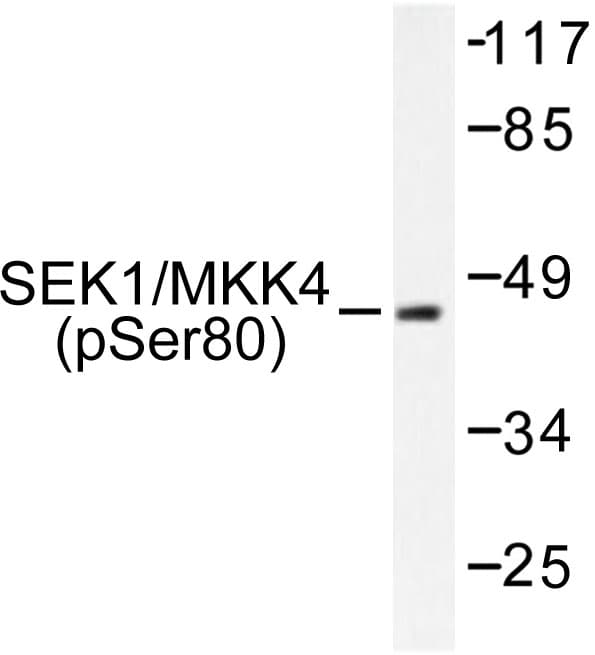 MAP2K4 / MKK4 Antibody (phospho-Ser80)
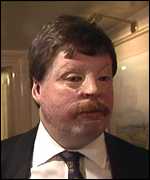 Simon Weston OBE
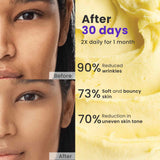Anti Ageing Cream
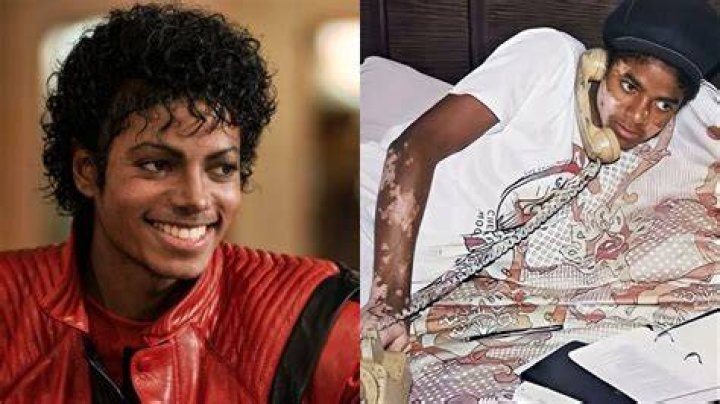 The Unraveling Truth Behind Michael Jackson's Mysterious Skin Condition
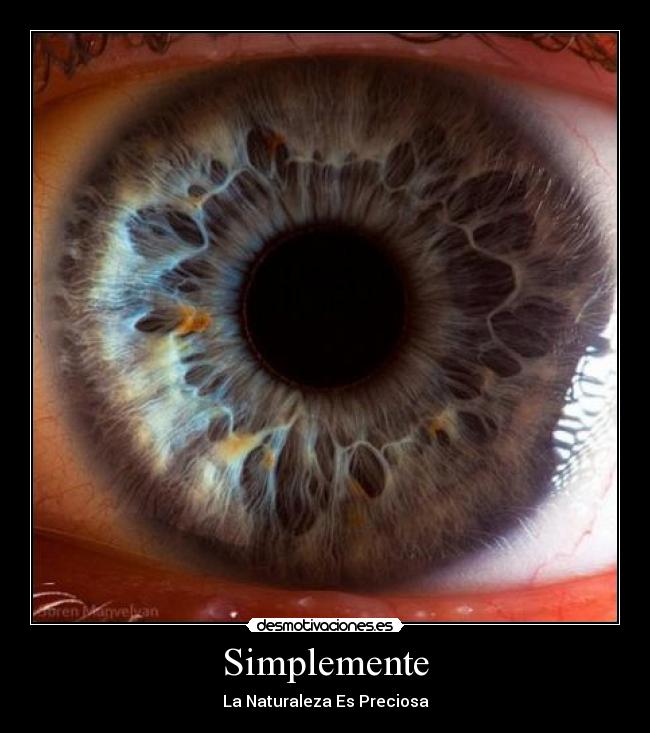 Simplemente -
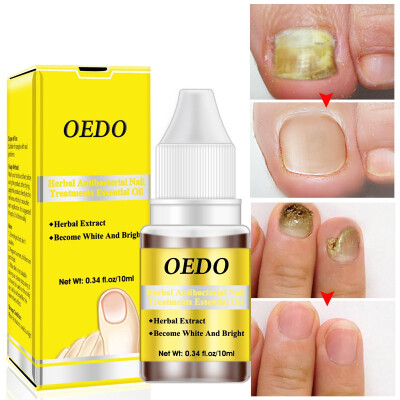 

10ml Nail Fungal Treatment Onychomycosis Removal Anti Fungus Nails Care Repair Liquid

★ ★ ★

→ WORK ITEM: Starting at the line that contains "Anti Ageing Cream", restate each line verbatim through the final line of the listing, skipping all pictures.

→ WORKED SOLUTION:
Anti Ageing Cream
 The Unraveling Truth Behind Michael Jackson's Mysterious Skin Condition
 Simplemente -

10ml Nail Fungal Treatment Onychomycosis Removal Anti Fungus Nails Care Repair Liquid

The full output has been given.